(ACTIVITY): Leave out the images and transcribe the entries below word for word.

(Saved entries):

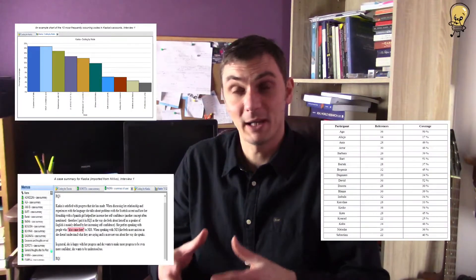Coding is great and it's important but it's not the end of data analysis. So after talking about coding I will talk about within and cross-case comparisons and I will share a number of useful techniques that you can apply to your data.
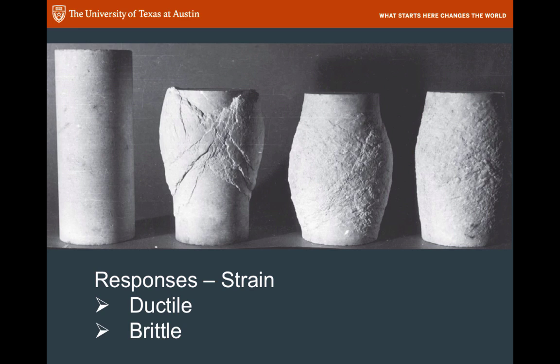Now it's maybe a little bit hard to think about rocks as flowing, as deforming ductilely. But they do — under high pressure and temperature, rocks can behave very much like silly putty. So there are two predominant responses to stress: ductile and brittle behavior.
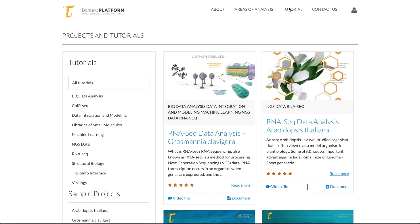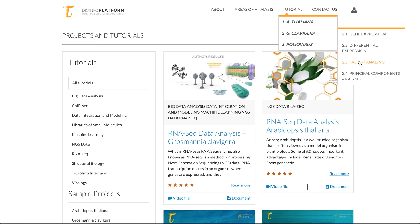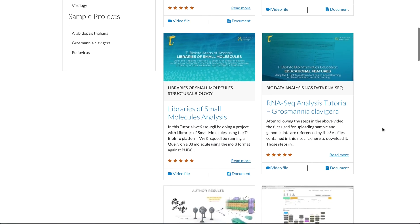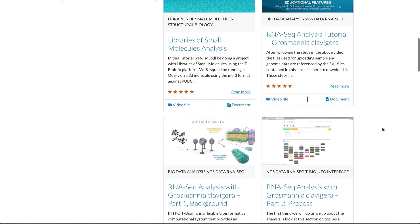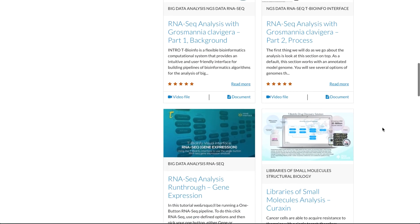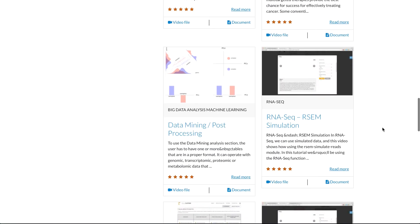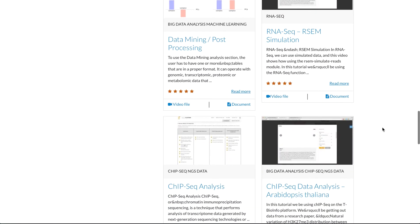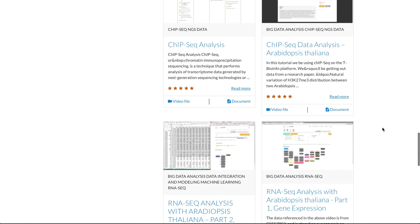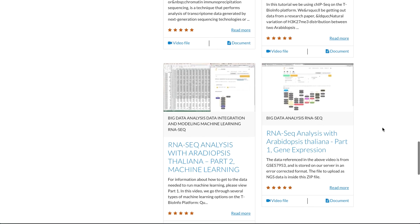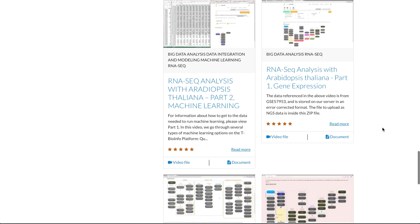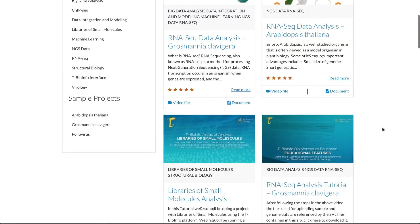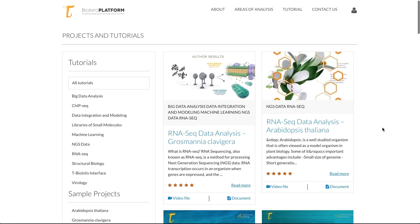We also have tutorials. These tutorials take example projects and focus on some specific data set and allow the user to use the system while following somebody else's example. They mostly have a video, text, and a downloadable PDF. And our goal with this section is to turn it into an area for education.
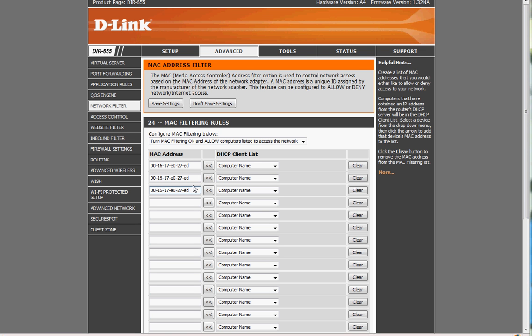So there you go. That's the advanced security settings for the D-Link, locking down this baby by MAC address. For more information, go to wificastle.com.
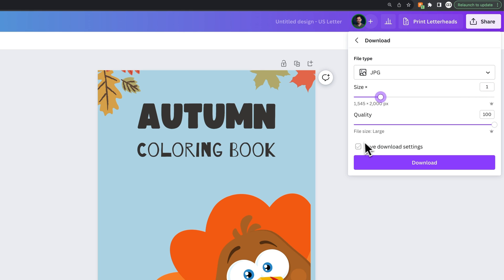You can save your download settings. Like if you always want it to be quality 100, you'd click this to save that setting, and then hit Download.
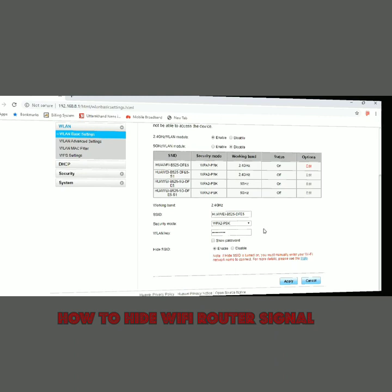This is a very good process because if a Wi-Fi signal is showing, so many hackers can hack it. If you put it to hide, the signal will not be showing — and if it's not showing, how can they hack it? Whatever you give to your customer, or whoever you want to give access to, I'm going to explain that also.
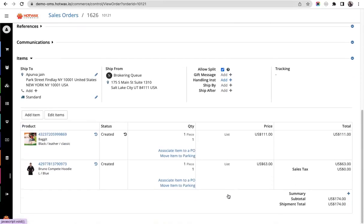Here you will see we have two order items - the changes are now synced in HotWax Commerce without canceling and re-importing the order. The changes that can be synced from Shopify to HotWax are address changes, email, contacts, and the order details, that is the order line items.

(OUTPUT OF THE TASK):
Coding is great and it's important but it's not the end of data analysis. So after talking about coding I will talk about within and cross-case comparisons and I will share a number of useful techniques that you can apply to your data.
Now it's maybe a little bit hard to think about rocks as flowing, as deforming ductilely. But they do — under high pressure and temperature, rocks can behave very much like silly putty. So there are two predominant responses to stress: ductile and brittle behavior.
We also have tutorials. These tutorials take example projects and focus on some specific data set and allow the user to use the system while following somebody else's example. They mostly have a video, text, and a downloadable PDF. And our goal with this section is to turn it into an area for education.
So there you go. That's the advanced security settings for the D-Link, locking down this baby by MAC address. For more information, go to wificastle.com.
You can save your download settings. Like if you always want it to be quality 100, you'd click this to save that setting, and then hit Download.
This is a very good process because if a Wi-Fi signal is showing, so many hackers can hack it. If you put it to hide, the signal will not be showing — and if it's not showing, how can they hack it? Whatever you give to your customer, or whoever you want to give access to, I'm going to explain that also.
Here you will see we have two order items - the changes are now synced in HotWax Commerce without canceling and re-importing the order. The changes that can be synced from Shopify to HotWax are address changes, email, contacts, and the order details, that is the order line items.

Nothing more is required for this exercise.